**WORK TASK**
Your answer must consist of exactly the lines below, starting with the line with "hanaさんの「【KIDS】" and going on through the line with "a 3D floorplan of a two bedroom floorplan", and nothing else.

START EXERCISE DATA

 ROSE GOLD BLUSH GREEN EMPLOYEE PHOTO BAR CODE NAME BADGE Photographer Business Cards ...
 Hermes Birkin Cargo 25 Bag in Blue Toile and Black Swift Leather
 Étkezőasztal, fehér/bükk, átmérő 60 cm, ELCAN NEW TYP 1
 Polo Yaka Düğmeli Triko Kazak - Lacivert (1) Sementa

END EXERCISE DATA
START EXERCISE DATA

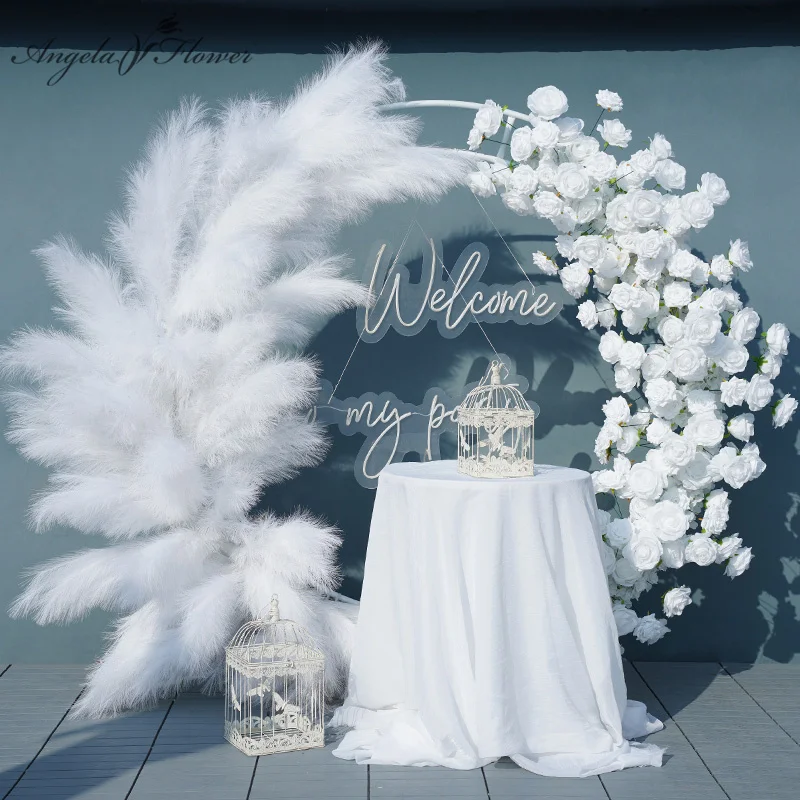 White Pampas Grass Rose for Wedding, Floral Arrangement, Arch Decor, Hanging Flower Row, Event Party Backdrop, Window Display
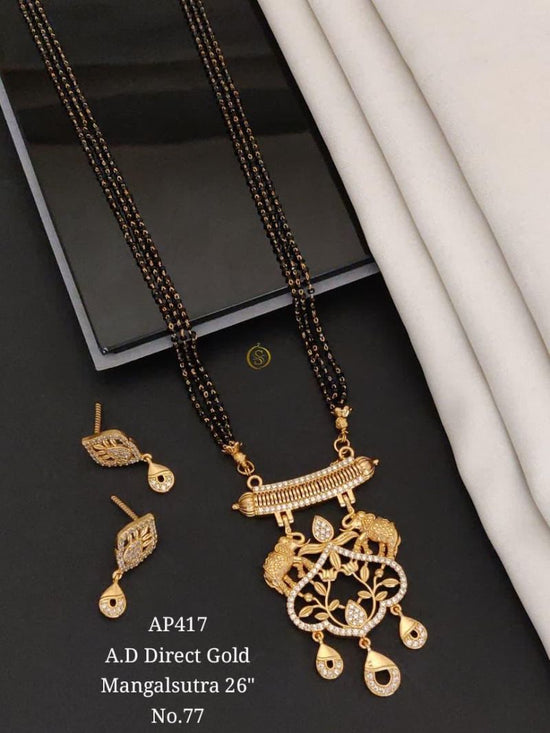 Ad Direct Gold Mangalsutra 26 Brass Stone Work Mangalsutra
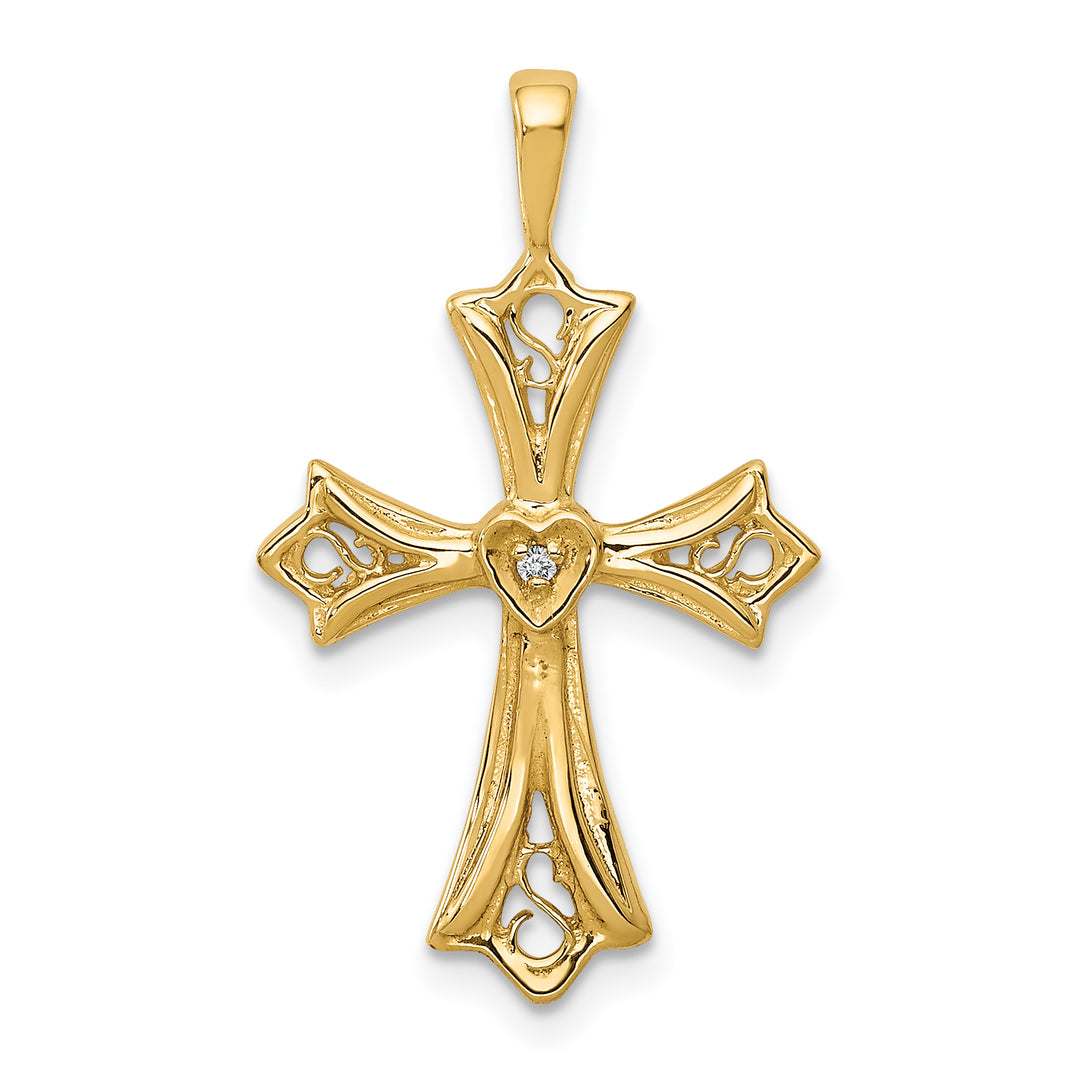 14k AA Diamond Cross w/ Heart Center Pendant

END EXERCISE DATA
START EXERCISE DATA

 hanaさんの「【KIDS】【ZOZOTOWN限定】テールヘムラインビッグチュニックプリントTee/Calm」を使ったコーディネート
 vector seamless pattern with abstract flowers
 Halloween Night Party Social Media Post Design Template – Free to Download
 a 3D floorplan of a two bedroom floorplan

END EXERCISE DATA

**OUTPUT BELOW**
 hanaさんの「【KIDS】【ZOZOTOWN限定】テールヘムラインビッグチュニックプリントTee/Calm」を使ったコーディネート
 vector seamless pattern with abstract flowers
 Halloween Night Party Social Media Post Design Template – Free to Download
 a 3D floorplan of a two bedroom floorplan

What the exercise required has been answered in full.